Exercise details> Here the job is to return only the lines of the material, exactly, from the first one to the line with "Renault Captur esprit".

Data section>
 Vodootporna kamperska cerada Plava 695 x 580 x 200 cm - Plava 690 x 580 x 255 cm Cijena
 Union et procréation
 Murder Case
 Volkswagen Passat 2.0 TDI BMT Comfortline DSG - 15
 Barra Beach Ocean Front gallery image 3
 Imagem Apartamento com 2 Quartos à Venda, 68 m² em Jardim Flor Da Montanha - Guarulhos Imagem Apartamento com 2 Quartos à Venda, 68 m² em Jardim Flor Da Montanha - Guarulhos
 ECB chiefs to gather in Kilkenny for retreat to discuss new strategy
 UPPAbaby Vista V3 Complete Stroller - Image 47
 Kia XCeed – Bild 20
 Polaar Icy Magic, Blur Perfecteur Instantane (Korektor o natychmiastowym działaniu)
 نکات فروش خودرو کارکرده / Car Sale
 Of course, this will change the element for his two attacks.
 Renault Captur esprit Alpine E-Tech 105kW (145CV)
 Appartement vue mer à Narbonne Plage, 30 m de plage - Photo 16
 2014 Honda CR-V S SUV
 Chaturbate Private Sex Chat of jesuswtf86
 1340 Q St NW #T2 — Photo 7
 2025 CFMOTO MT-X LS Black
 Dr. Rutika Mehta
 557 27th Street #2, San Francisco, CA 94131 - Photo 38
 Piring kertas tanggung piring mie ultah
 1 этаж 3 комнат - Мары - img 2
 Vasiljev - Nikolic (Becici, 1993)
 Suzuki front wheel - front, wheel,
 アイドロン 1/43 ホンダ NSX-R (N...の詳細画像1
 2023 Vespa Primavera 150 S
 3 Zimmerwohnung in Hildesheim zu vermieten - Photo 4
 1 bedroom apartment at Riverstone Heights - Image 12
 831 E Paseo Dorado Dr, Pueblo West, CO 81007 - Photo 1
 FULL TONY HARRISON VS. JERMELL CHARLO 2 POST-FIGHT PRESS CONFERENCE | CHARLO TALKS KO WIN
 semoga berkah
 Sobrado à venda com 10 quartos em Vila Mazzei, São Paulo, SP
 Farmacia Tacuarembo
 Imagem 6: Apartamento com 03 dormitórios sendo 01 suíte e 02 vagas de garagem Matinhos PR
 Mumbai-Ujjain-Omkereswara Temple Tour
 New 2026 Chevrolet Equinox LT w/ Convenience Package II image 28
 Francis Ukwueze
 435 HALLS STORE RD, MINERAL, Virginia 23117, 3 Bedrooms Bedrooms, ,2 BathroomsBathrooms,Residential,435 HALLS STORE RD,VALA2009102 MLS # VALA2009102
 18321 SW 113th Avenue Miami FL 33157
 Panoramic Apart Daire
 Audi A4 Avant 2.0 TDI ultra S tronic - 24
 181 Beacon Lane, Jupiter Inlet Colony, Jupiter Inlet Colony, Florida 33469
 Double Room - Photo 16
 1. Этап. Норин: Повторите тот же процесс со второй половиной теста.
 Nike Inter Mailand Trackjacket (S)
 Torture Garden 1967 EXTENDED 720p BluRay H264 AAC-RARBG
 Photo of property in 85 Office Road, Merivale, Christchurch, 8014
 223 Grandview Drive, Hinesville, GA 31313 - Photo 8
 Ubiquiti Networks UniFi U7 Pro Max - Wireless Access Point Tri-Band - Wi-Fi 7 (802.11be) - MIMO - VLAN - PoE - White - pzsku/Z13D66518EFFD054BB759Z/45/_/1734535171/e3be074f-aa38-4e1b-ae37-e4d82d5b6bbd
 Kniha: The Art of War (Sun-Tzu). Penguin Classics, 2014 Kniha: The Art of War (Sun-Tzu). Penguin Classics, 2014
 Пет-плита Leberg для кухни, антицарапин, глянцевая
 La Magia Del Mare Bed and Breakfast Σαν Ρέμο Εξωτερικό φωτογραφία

Answer to this task>
 Vodootporna kamperska cerada Plava 695 x 580 x 200 cm - Plava 690 x 580 x 255 cm Cijena
 Union et procréation
 Murder Case
 Volkswagen Passat 2.0 TDI BMT Comfortline DSG - 15
 Barra Beach Ocean Front gallery image 3
 Imagem Apartamento com 2 Quartos à Venda, 68 m² em Jardim Flor Da Montanha - Guarulhos Imagem Apartamento com 2 Quartos à Venda, 68 m² em Jardim Flor Da Montanha - Guarulhos
 ECB chiefs to gather in Kilkenny for retreat to discuss new strategy
 UPPAbaby Vista V3 Complete Stroller - Image 47
 Kia XCeed – Bild 20
 Polaar Icy Magic, Blur Perfecteur Instantane (Korektor o natychmiastowym działaniu)
 نکات فروش خودرو کارکرده / Car Sale
 Of course, this will change the element for his two attacks.
 Renault Captur esprit Alpine E-Tech 105kW (145CV)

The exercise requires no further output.